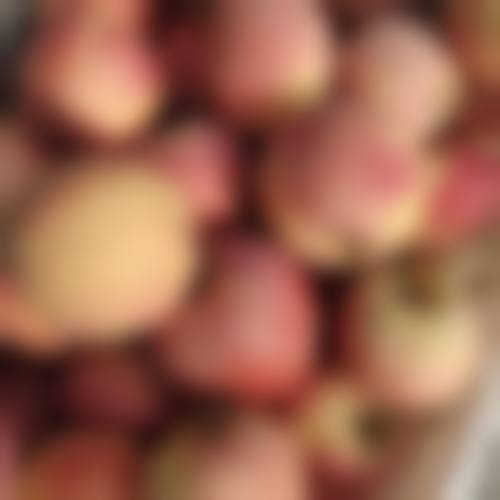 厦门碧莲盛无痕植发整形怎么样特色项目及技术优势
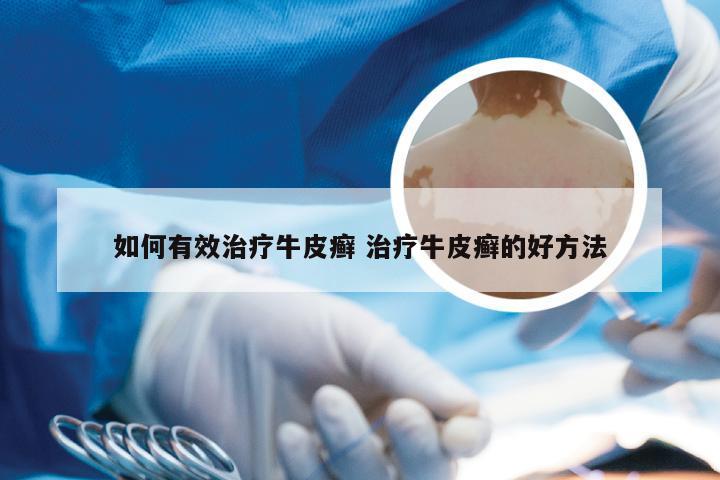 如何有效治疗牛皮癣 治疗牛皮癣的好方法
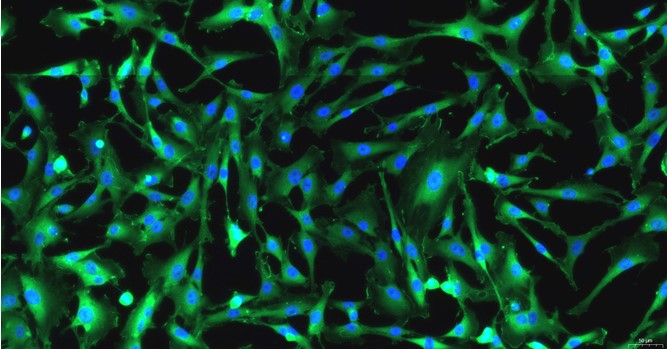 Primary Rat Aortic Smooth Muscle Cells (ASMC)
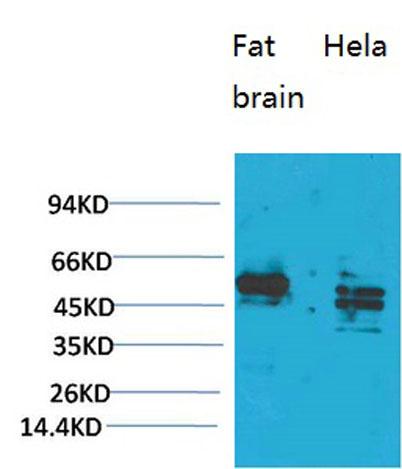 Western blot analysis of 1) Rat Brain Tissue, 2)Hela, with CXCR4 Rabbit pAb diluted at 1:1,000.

Your objective »
Without changing a word, restate the listing above; the pictures stay out.

Answer to this exercise »
 厦门碧莲盛无痕植发整形怎么样特色项目及技术优势
 如何有效治疗牛皮癣 治疗牛皮癣的好方法
 Primary Rat Aortic Smooth Muscle Cells (ASMC)
 Western blot analysis of 1) Rat Brain Tissue, 2)Hela, with CXCR4 Rabbit pAb diluted at 1:1,000.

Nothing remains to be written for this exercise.